### Extracted entries ###
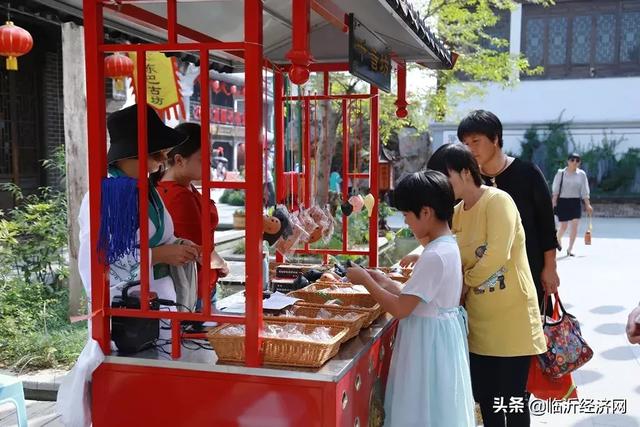 龙园第二届汉服文化节开幕，汉服小姐姐齐聚龙园欢度国庆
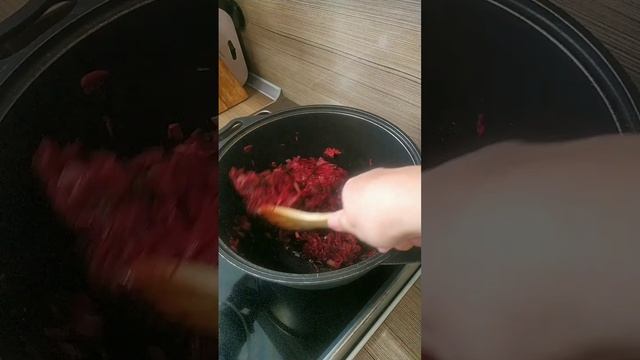 Тушёная свекла как в детском саду, когда обычные гарниры надоели
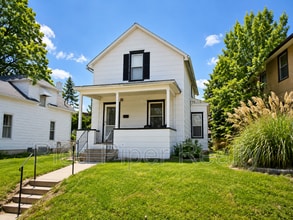 Building Photo - 235 W Homer St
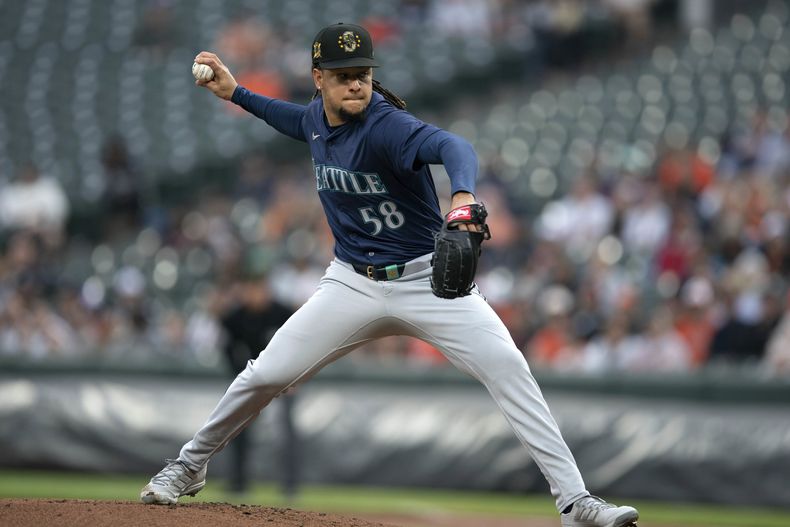 El dominicano Luis Castillo, de los Marineros de Seattle, labora en su apertura ante los Orioles de Baltimore, el sábado 18 de mayo de 2024 (AP Foto/Jose Luis Magaña)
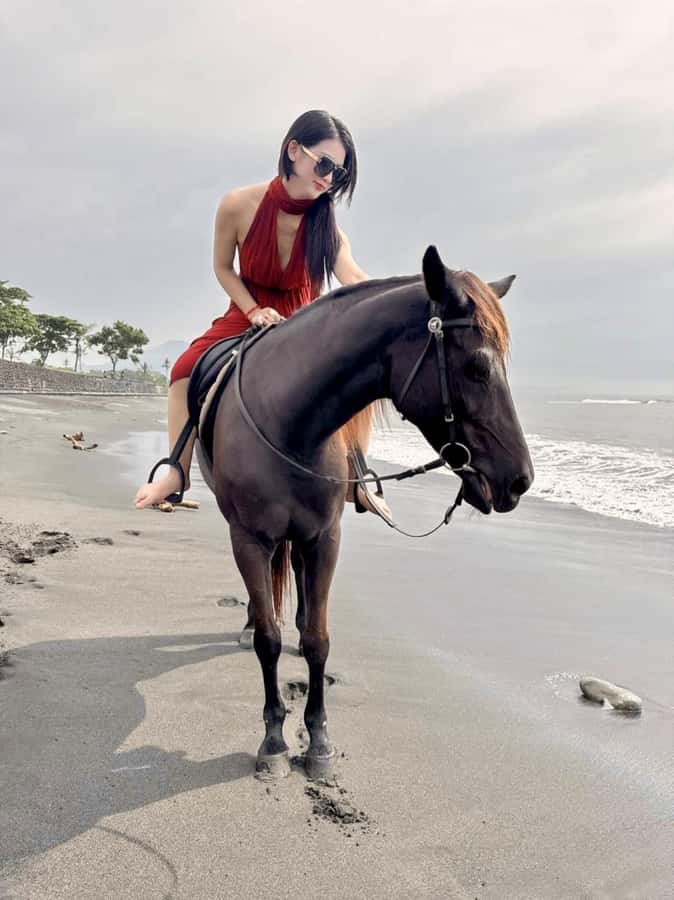 Bali: Horseback Tour Through Saba Beach and Local Temples. - The guides and the overall mood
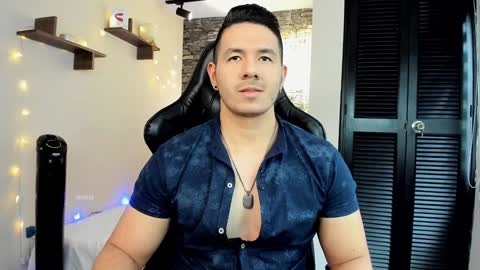 Jonas online show from January 12, 8:25 pm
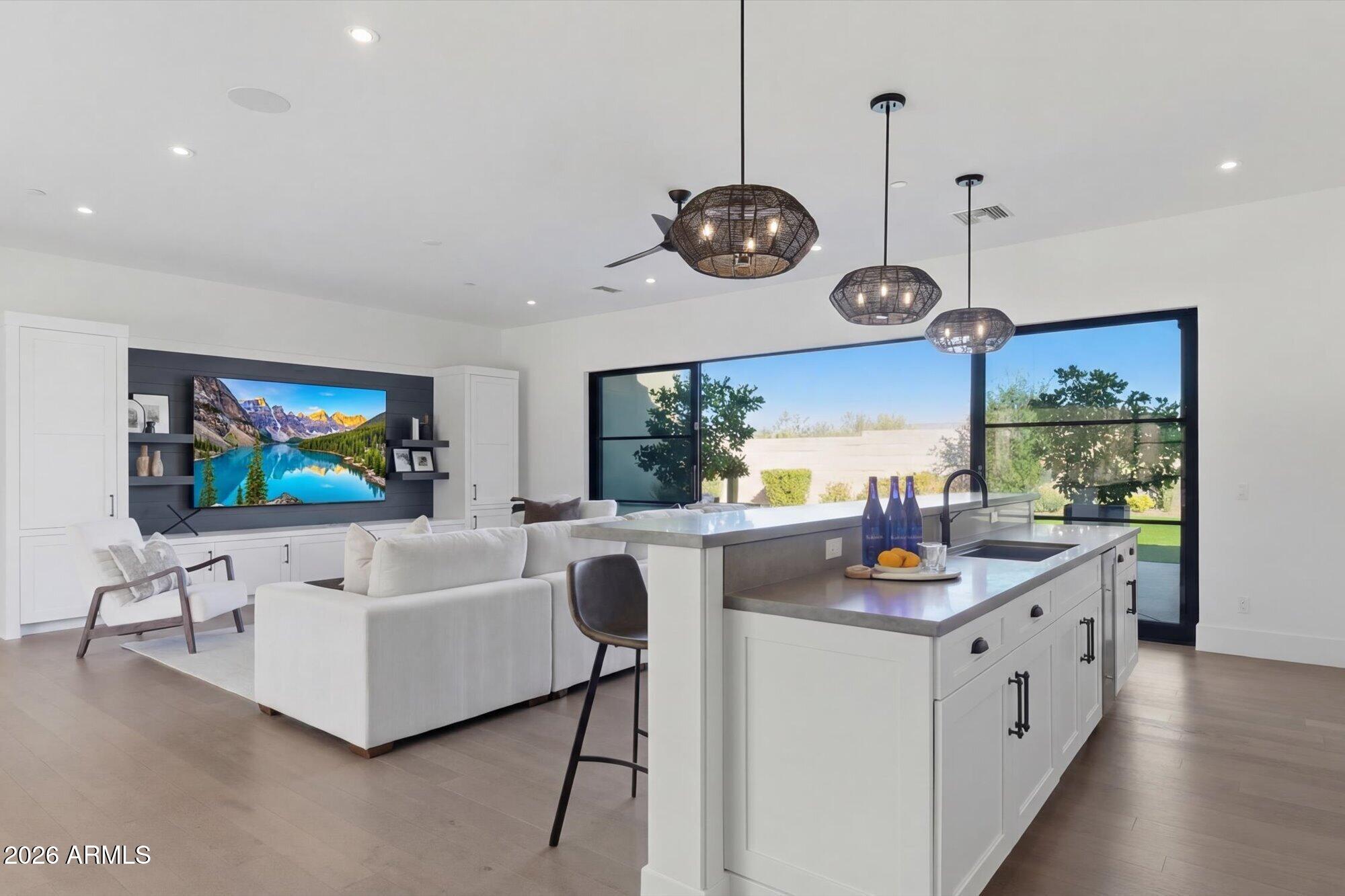 WHITE HORSE - Residential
###
* Task instructions: Transcribe each of the records above precisely, with no pictures in the copy.

* Solution for this problem:
 龙园第二届汉服文化节开幕，汉服小姐姐齐聚龙园欢度国庆
 Тушёная свекла как в детском саду, когда обычные гарниры надоели
 Building Photo - 235 W Homer St
 El dominicano Luis Castillo, de los Marineros de Seattle, labora en su apertura ante los Orioles de Baltimore, el sábado 18 de mayo de 2024 (AP Foto/Jose Luis Magaña)
 Bali: Horseback Tour Through Saba Beach and Local Temples. - The guides and the overall mood
 Jonas online show from January 12, 8:25 pm
 WHITE HORSE - Residential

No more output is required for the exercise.